Terpaksa balik lagi ke rumah. Pas menuju ke Makassar ternyata macetnya luar
biasa.” Ayah menjelaskan dengan bijak.
“Maaf Yah, tadi Eva buruk sangka.” Gumamku dalam hati, penuh
sesal.
“Pukul berapa acaranya dimulai?”
“Pukul 20.00 wita, Yah.”
“Beneran? Berarti kita sudah telat dong.” Ayah buru-buru
merapikan kemejanya.
“Haha gak papa kok, Yah. Palingan acara belum dimulai,
kan mereka nungguin kita.” Candaku menghibur ayah.
Kami segera menuju lokasi. Dengan motor buntut ayah.
Motor yang cintanya tak mengenal jarak. Meski beberapa kali harus keluar masuk
bengkel, tapi sampi sekarang masih setia menemani ayah berjuang demi anak istri.
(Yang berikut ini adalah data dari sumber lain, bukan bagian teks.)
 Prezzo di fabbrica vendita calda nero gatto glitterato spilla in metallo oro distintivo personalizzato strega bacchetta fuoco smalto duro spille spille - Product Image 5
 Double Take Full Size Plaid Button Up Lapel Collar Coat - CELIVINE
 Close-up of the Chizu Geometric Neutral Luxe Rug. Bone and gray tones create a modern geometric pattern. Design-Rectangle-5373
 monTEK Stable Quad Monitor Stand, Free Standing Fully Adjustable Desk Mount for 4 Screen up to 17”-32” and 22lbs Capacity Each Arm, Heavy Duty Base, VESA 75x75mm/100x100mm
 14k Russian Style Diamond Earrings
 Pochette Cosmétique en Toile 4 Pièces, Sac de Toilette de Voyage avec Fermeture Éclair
“Haloo, Eva sekarang dimana, sudah menuju ke lokasi kan?”
Dosenku nelpon.
“Maaf Pak, Eva masih di jalan.”
“Oke… hati-hati.”
Ayah berusaha melaju secepat mungkin, meski di tengah
macet yang luar biasa. Akhirnya sampai di lokasi. Para panitia mempersilahkan
kami masuk. Aku dan ayah duduk di tempat yang berbeda meski di ruangan yang
sama. Beberapa menit setelah kami duduk, acara baru di mulai.
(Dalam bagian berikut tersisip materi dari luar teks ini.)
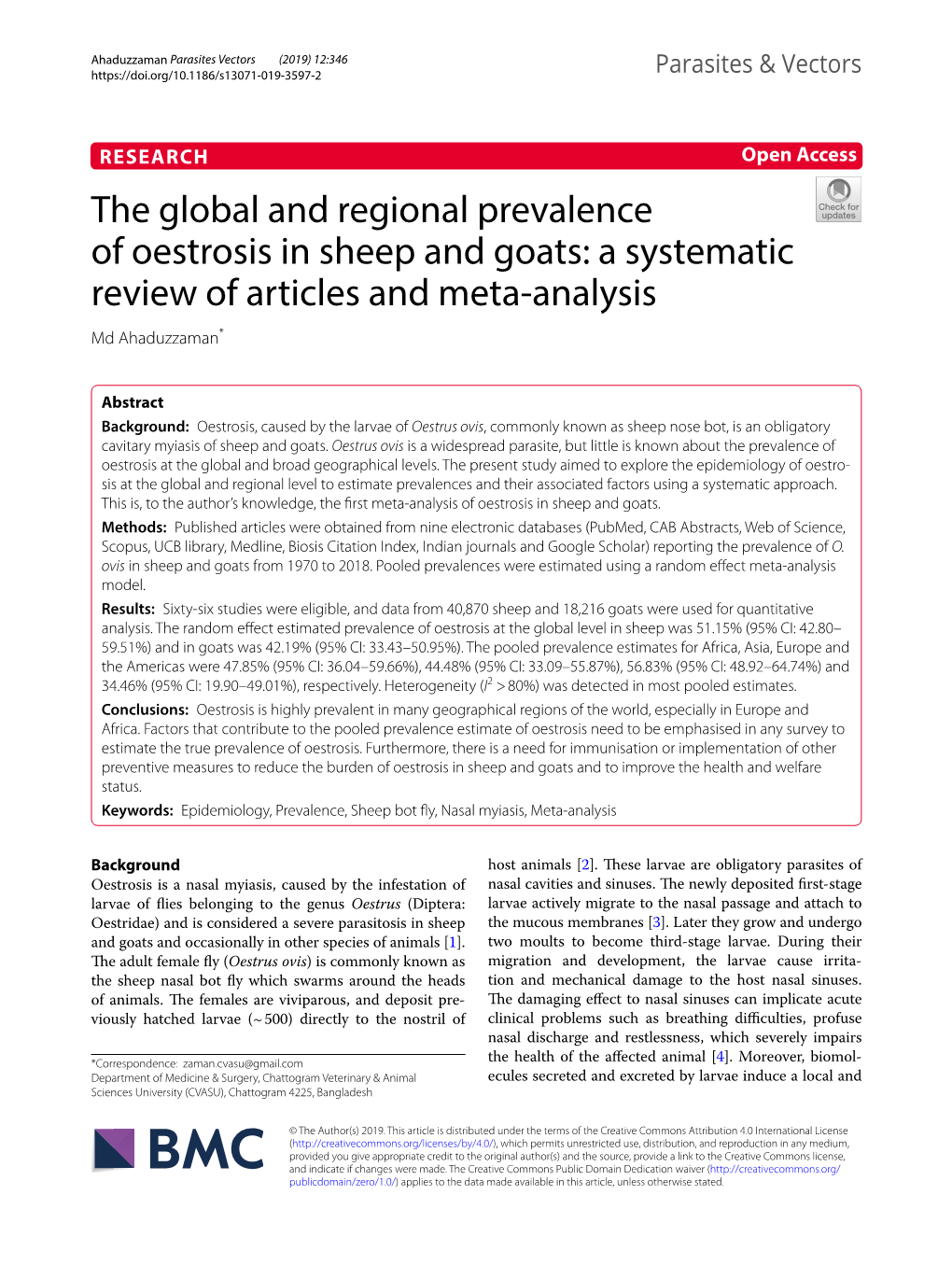 The Global and Regional Prevalence of Oestrosis in Sheep and Goats: a Systematic Review of Articles and Meta‑Analysis Md Ahaduzzaman*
“Terima kasih Ayah, untuk tidak pernah ingkar janji.
Selama ini engkau berpeluh tapi tidak pernah mengeluh. Engkau dengan cintamu
yang dingin, tapi penuh dengan tindakan. Engkau yang rela hidup apa adanya demi
anak-anakmu. Malam ini engkau saksikan aku berdiri di depan, menerima
penghargaan sebagai wisudawati terbaik, ini semua berkat kerja kerasmu. Meski
kusadari sampai kapanpun apa yang kuberikan tak akan pernah sebanding dengan
kebaikanmu. Love you Ayah.”
Kuakhiri puisiku. Kudekati ayah. Kugenggam tangannya. Ia
menggenggam erat tanganku. Riuh tepuk tangan menggema ke langit-langit.
Malam
ini, Kurasakan betul kekuatan cinta seorang ayah pada anak perempuannya.